AISLE SAY Toronto

ART

by Yasmina Reza
Directed by Morris Panych
Starring Colin Mochrie, Peter Donaldson and Evan Buliung
Playing through April 10th
www.canadianstage.com

Reviewed by Robin Breon

 

This is the third production of Art I've seen since its Paris premiere in 1994 where it won three Moliere awards for best play, best playwright and best production. Now translated into over 35 languages, this short, sharp and smart debate between friends on the nature of art continues to please even as it enters its dinner theatre and summer stock phase of theatrical half-life. But freshen up the white paint a bit, add in a few new scenic elements (as director Morris Panych has creatively done with this Toronto re-mount) and let the sparring begin with Serge, Mark and Yvan holding forth on the value (both aesthetic and commercial) of Serge's avant-garde canvass for which he paid 200,000 francs (approx. $50,000).
 
The play is popular for two reasons: it is a genuinely funny and candid interaction that is shared between long time friends who really speak in unguarded and direct language about their feelings. Value added for Canadian audiences comes from the fact that it echoes the candid national debate (protest might be more accurate) the country had in 1989 when the National Gallery of Canada purchased abstract expressionist painter Barnett Newman's 1967 work, Voice of Fire, for 1.8 million dollars. The large canvass, which consists of a single red stripe on a blue background (or two blue stripes on a red background depending on how you look at it) is worth in excess of 10 million dollars in today's art market. The second reason for the play's popularity is that it is short; at 80 minutes, it is about as much time as anyone visiting the theatre after a full day might care to spend on the subject.
 
Colin Mochrie, Peter Donaldson and Evan Buliung play Serge, Marc and Yvan respectively as they insult one another, attempt to reconcile and then fall out once again while trying to figure out whether strong feelings about art should determine the future of their relationship as friends.

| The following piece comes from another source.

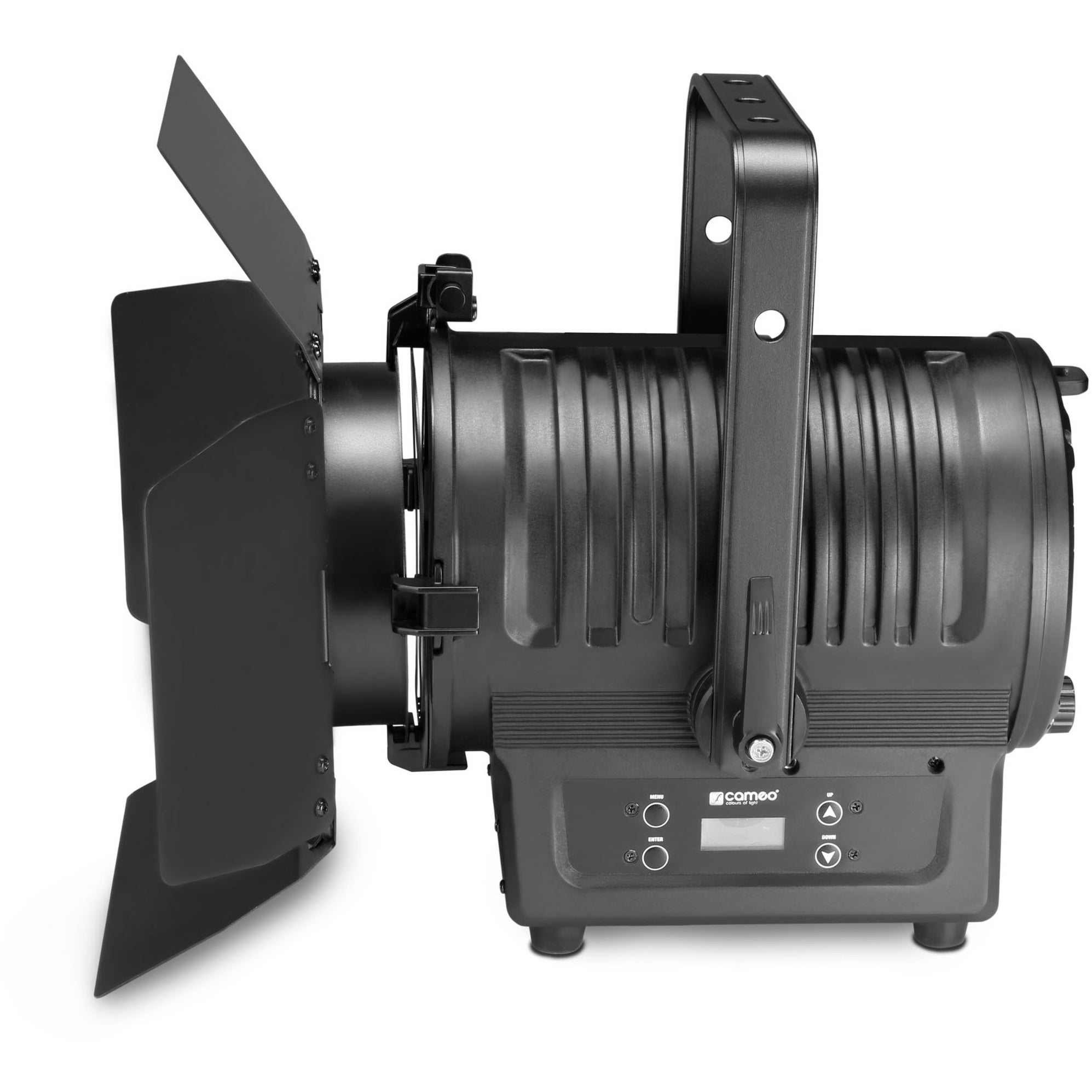 Cameo TS 100 WW theater spotlight met fresnel lens
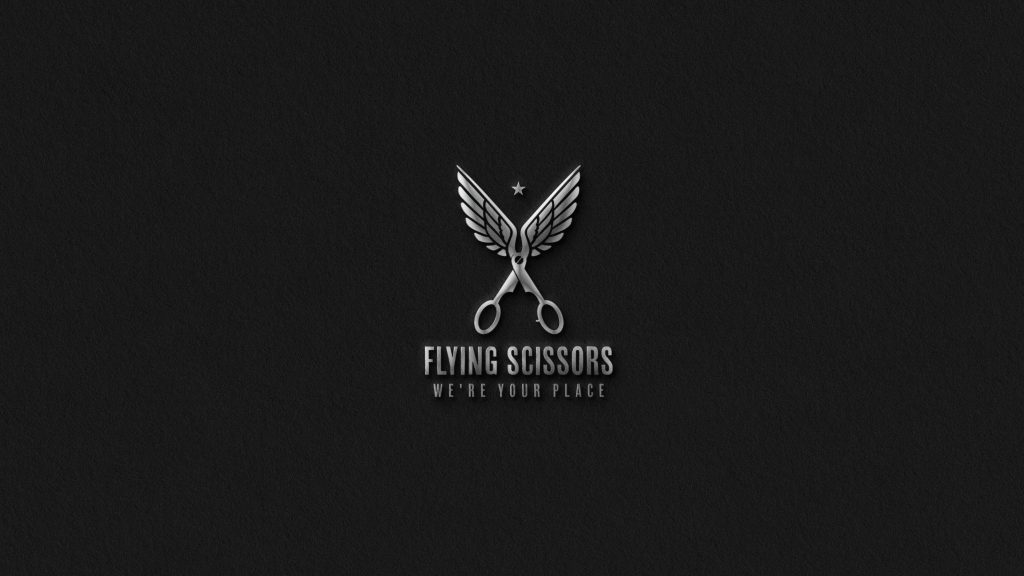 Flying Scissors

The actors underplay and expertly get their laughs in all the right places, Yvan gets his applause after his extended monologue that reveals the imploding details of his upcoming marriage, and it all works out well in the end.
 
Upon the third viewing of Art I couldn't help but to think what other elements might be brought into it in order for us to see the play in a new light. It occurred to me that the character of Yvan, the most sensitive of the three men and the peacemaker of the group who is all worries about his upcoming wedding and his relationship with his new mother-in-law, might be gender bended and cast as a woman. The more I listened to the dialog, the more I became convinced that it would open the play up a bit and give a little employment over to some of the women who immediately count themselves out when they see yet another production of Art on the upcoming season of plays on the mainstage of one of their cities' theatre companies.